De eerste uitgifte van Turkije, met controle-strook (onder)
De postzegels van Turkije
Turkije mag zich onder filatelisten in een groeiende belangstelling verheugen, wellicht vooruitlopend op een mogelijke toetreding van het land tot de Europese Unie wat het land aantrekkelijker maakt om te verzamelen. In de tijd van het Ottomaanse rijk hadden de zegels geen afbeeldingen van mensen of dieren, omdat volgens de islam geen wezens met een ziel afgebeeld mogen worden. De eerste zegels, uitgegeven in 1863, vertonen daarom de toughra, een combinatie van zegel en handtekening van Sultan Abdul-Aziz. Deze zegels zijn voorzien van een controlestrook in rood of blauw met een controlenummer, dat pas kort voor levering aan het postkantoor op het veld werd aangebracht. Hiermee probeerde men diefstal van de zegels tegen te gaan.
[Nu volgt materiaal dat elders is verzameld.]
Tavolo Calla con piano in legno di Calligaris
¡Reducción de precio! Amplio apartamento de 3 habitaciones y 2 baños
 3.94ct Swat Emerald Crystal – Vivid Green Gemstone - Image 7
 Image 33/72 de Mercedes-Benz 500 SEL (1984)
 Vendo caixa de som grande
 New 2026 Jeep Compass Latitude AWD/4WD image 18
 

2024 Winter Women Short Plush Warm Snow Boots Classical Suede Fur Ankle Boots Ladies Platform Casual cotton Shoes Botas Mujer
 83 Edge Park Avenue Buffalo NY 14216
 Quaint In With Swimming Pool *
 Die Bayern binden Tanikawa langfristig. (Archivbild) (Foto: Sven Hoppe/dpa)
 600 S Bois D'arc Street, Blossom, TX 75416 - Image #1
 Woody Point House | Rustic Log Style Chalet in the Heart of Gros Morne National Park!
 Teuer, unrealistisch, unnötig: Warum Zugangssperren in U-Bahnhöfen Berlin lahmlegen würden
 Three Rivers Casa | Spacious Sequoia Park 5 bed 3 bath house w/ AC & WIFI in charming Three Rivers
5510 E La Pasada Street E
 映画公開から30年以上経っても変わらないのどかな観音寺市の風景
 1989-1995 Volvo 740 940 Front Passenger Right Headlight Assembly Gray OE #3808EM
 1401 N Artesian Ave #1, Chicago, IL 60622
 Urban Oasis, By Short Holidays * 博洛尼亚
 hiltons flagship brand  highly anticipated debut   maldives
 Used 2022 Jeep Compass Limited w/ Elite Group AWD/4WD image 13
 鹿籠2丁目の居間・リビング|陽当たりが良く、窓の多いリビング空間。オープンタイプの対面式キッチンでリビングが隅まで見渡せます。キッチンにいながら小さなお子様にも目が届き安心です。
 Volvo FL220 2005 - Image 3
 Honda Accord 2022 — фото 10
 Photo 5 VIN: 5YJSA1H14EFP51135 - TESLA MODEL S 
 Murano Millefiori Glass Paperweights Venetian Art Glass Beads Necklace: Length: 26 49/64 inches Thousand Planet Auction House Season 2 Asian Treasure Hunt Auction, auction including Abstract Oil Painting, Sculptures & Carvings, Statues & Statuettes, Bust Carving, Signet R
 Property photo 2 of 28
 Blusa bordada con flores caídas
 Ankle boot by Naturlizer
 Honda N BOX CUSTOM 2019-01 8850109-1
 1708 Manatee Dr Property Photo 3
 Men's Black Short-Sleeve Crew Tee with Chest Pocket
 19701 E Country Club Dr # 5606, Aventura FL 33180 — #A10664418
Zegels van Duitsland, Frankrijk en Groot-Brittannië, gebruikt in Turkije
Aan het eind van de 19e eeuw had Duitsland en ook andere West-Europese landen een aantal eigen postkantoren in Turkije, omdat de Turkse postdienst als onbetrouwbaar werd gezien. Zo kunnen we Duitse Reichspost-zegels aantreffen met als afstempeling Constantinopel, later zijn er postzegels verschenen met opdruk in de locale valuta. Een interessant en apart verzamelgebied!


Opdruk 'B'
Vanaf 1908 kregen Turkse postzegels de opdruk 'Behie' (korting) om te concurreren met de buitenlandse postkantoren die in het land opereerden. Door te stunten met de frankeertarieven hoopte de Turkse posterijen weer greep te krijgen op de postmarkt.


Particuliere post-dienst (1865)
Vandaag de dag geeft Turkije vele fraaie en kleurrijke zegels uit, waarop met namen flora en fauna, historische gebeurtenissen en -jubilea en landschappelijk schoon staan afgebeeld. Filatelistisch doet het land zeker niet onder voor bijvoorbeeld Italië of Griekenland. Ik heb geprobeerd in dit artikel met een aantal van deze zegels het verhaal te verduidelijken en te illustreren.


Krantenzegel met opdruk 'Imprimé'
Al met al kunnen we concluderen dat Turkije een bezoek meer dan waard is. Het land biedt zoveel mogelijkheden dat het eigenlijk zonde is om uw vakantie alleen aan strandbezoek te wijden. En, als u het land nog niet bezocht heeft zou ik zeggen: ga er eens heen, Turkije zal u beslist bevallen!